Dan Savage has a good rant about recent third-party candidates titled “Dan Savage on Jill Stein: Just No.”

The bottom line is that you don’t build a real political party just by running someone for president every four years. You actually have to do work, and get people elected at all levels: city, county, state legislatures, governors, and Congress.

Or as Savage put it a bit more colorfully: “If you’re interested in building a third party, a viable third party, you don’t start with president.” “You don’t do that by trotting out the reanimated corpse of Ralph fucking Nader every four fucking years.” He complains that there has been “no sustained effort to build a Green Party nationally. Just this griping, bullshitty, grandstanding, fault-finding, purity-testing, holier than thou-ing, that we are all subjected to every four fucking years by the Green Party candidate.”

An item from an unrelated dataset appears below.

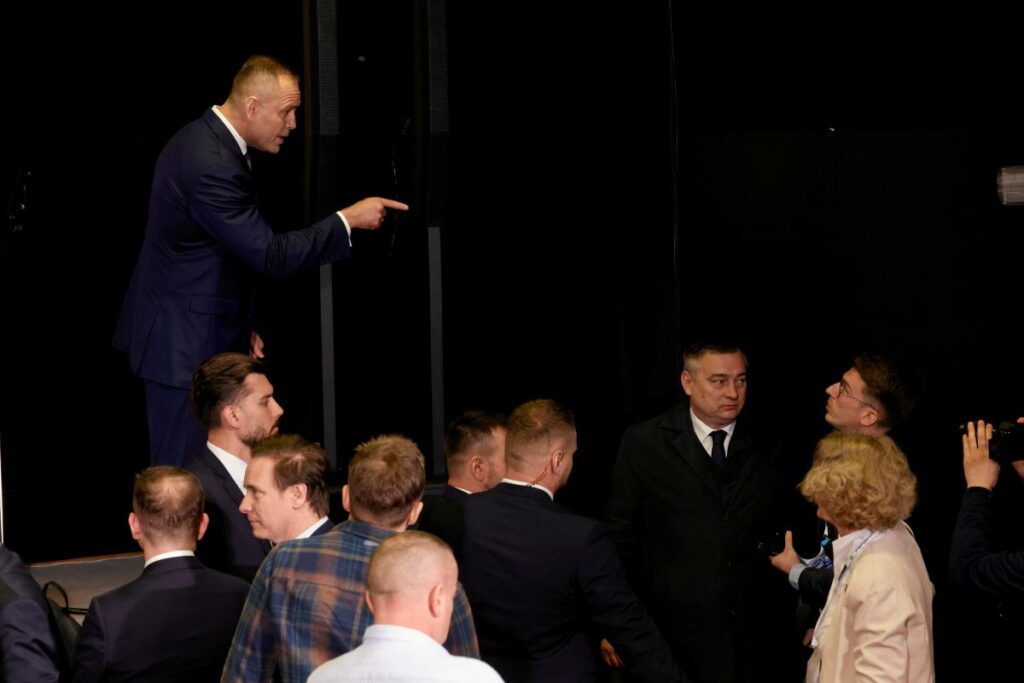 polonya cumhurbaskani nawrocki orban la i liskisini ve putin e karsi tutumunu savundu 63117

It’s true. It is easy to complain. It is much harder to actually do something about it.

He also takes to task the lie that there is no difference between the parties:

People supported Ralph Nader in 2000 and said there was no difference between Al Gore and George W. Bush, therefore we could all afford to throw our votes away, protest-style, on Ralph Nader, who had no hope of getting elected, because there was no difference between Bush and Gore.

These same people, at the same time, said that George Bush was so manifestly obviously terrible that he would bring the revolution if he got himself elected somehow. They didn’t say this about Gore, he wouldn’t bring the revolution. They’re exactly the same, exactly as awful, but one would bring the revolution and one wouldn’t. Which means they weren’t exactly the same and they weren’t equally awful.

And now people say the same thing about Trump, “that his election will bring the revolution.” Savage says that is “bullshit”.

The revolution did not come in 2000 when George W. Bush got close enough to winning to steal the White House. It will not come if Donald J. Trump gets his ass elected.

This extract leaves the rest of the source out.